Joe Fairless: We’re gonna do a Lightning Round. Are you ready for the Best Ever Lightning Round?

Erin Spradlin: I am.

Joe Fairless: Alright. First, a quick word from our Best Ever partners.

Break: [00:22:05].22] to [00:22:45].15]

Joe Fairless: Alright Erin, best ever book you’ve recently read?

Erin Spradlin: Long Distance Investing, by David Green.

Joe Fairless: If Airbnb and short-term rentals became illegal, they had the same policies in place in Colorado Springs as they do Denver, what would you do with your business?

Erin Spradlin: I would try to keep our business model similar, but I would tell people to move into medium-term rentals, like they’ve done in Denver. I think it’s been a really positive experience for us. As people tend to pay more, they’re really responsible, and a lot of times they convert into long-term renters anyways, because they get into this situation – they think they’re gonna be there for three months, and just because of life circumstances they end up being a 6-month or a year-long tenant, and it just ends up being a good relationship for everyone. And I honestly think you could just build a business model around those people, without the short or the long-term on it.
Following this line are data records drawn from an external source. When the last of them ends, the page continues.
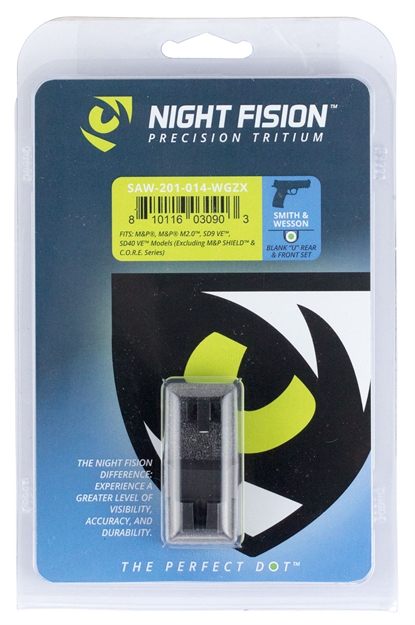 Picture of Night Fision Saw201014wgz Night Sight Set Square Front/U-Notch Rear S&W M&P/Sd9 Ve/Sd40 VE Green Tritium W/White Outline Black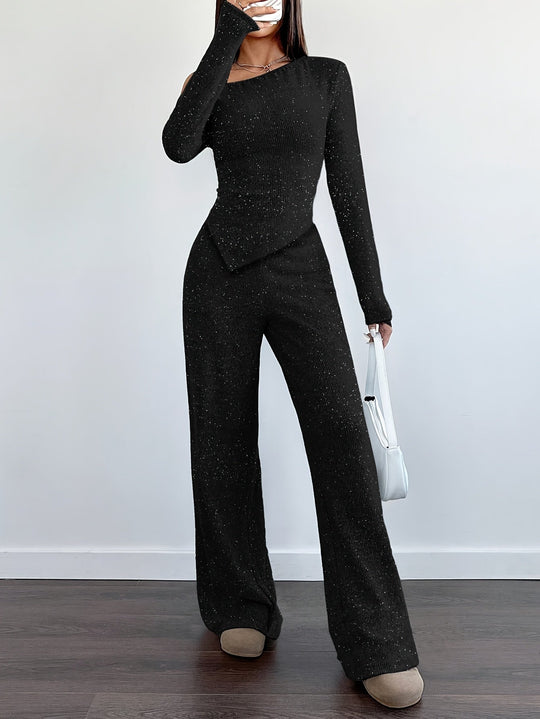 Schulterfreier Pailletten Jumpsuit für Damen | Bequem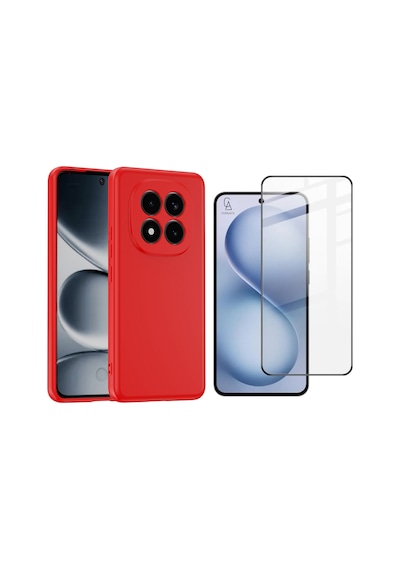 Xiaomi Redmi Note 15 Pro 5g  Içi Kadife Lansman Kılıf Ve 5d Tam Kaplayan Cam Ekran Koruyucu Kırmızı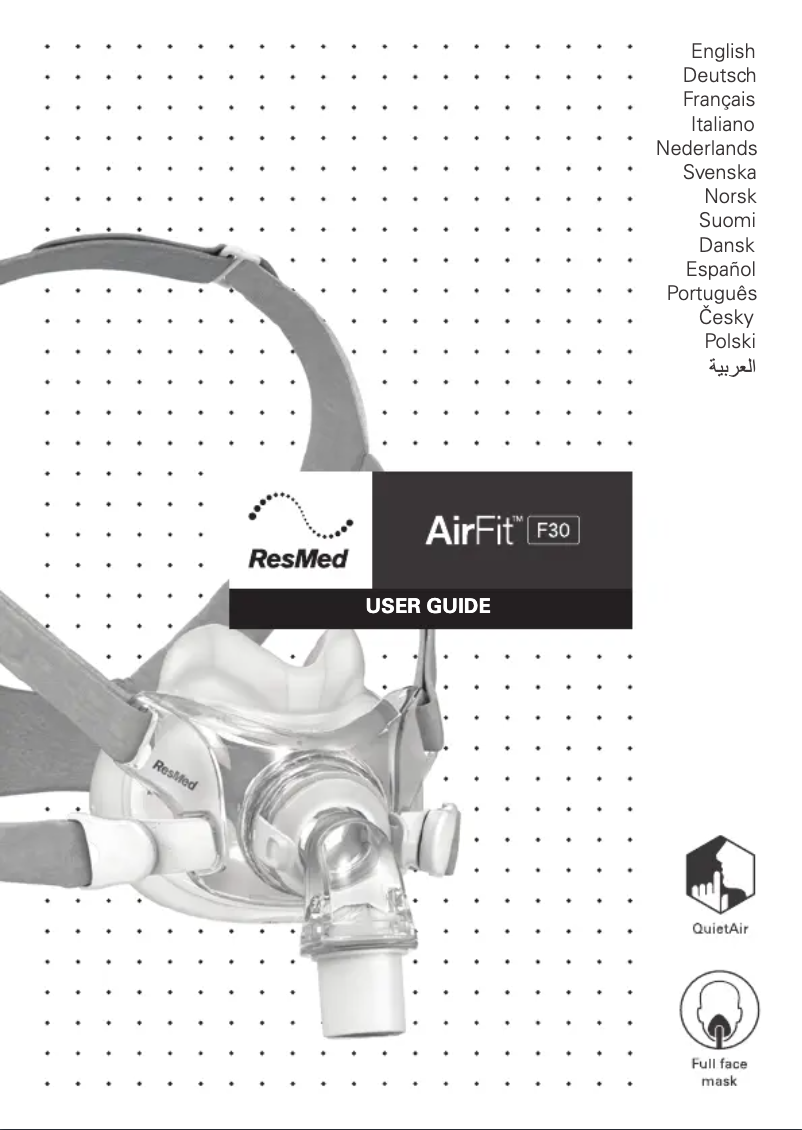 Page 1 de la notice Manuel utilisateur ResMed AirFit F30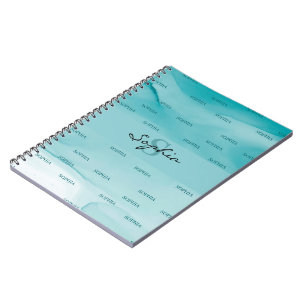 Caderno Espiral Notebook com tinta a álcool abstrato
Joe Fairless: Best ever deal you’ve done?

Erin Spradlin: Definitely my place in Colorado Springs. The duplex that we have down there is cash-flowing quite well. It’s a duplex, and then again, I just think Colorado Springs is a hot place, where the prices are increasing, and they have a lot going on down there.

Joe Fairless: What’s a mistake you’ve made on a transaction?

Erin Spradlin: Buying in an HOA. No doubt. I know since then I’ve read about people not buying in condos, and that stuff has been true for us. We had a really good investment that was cash-flowing quite well, and then we were gonna get hit with a huge special assessment, and the HOA was just causing a lot of issues… So I don’t think we would repeat that.

Joe Fairless: Best ever way you like to give back to the community?

Erin Spradlin: We have something called [unintelligible [00:24:17].09] so every single commission we do, we give 2.8% back into a charity of our client’s choosing. That’s one way I think we like to keep it local… And then also we do a lot of free education, because like I said before, Airbnb really affected and changed our lives, let us quit our jobs, so it’s exciting to talk to other people and help other people get in that position as well.

Joe Fairless: How can the Best Ever listeners learn more about what you’re doing and your company?

Erin Spradlin: They can find us on jamescarlsonrealestate.com, that is our website. They can also find us on Bigger Pockets; I have a dedicated blog there, under Erin Spradlin, and then my husband (who is my business partner) also has a profile, and that’s James Carlson.

Joe Fairless: Erin, thank you for being on the show, talking about your approach to short and medium-term rentals, and talking about some misconceptions that are in place with people who are just getting started… And then also some challenges for furnishings, property management, and solutions to those challenges.

Thanks for being on the show. I hope you have a best ever day, and we’ll talk to you again soon.

Erin Spradlin: Yeah, thank you so much. Have a great day.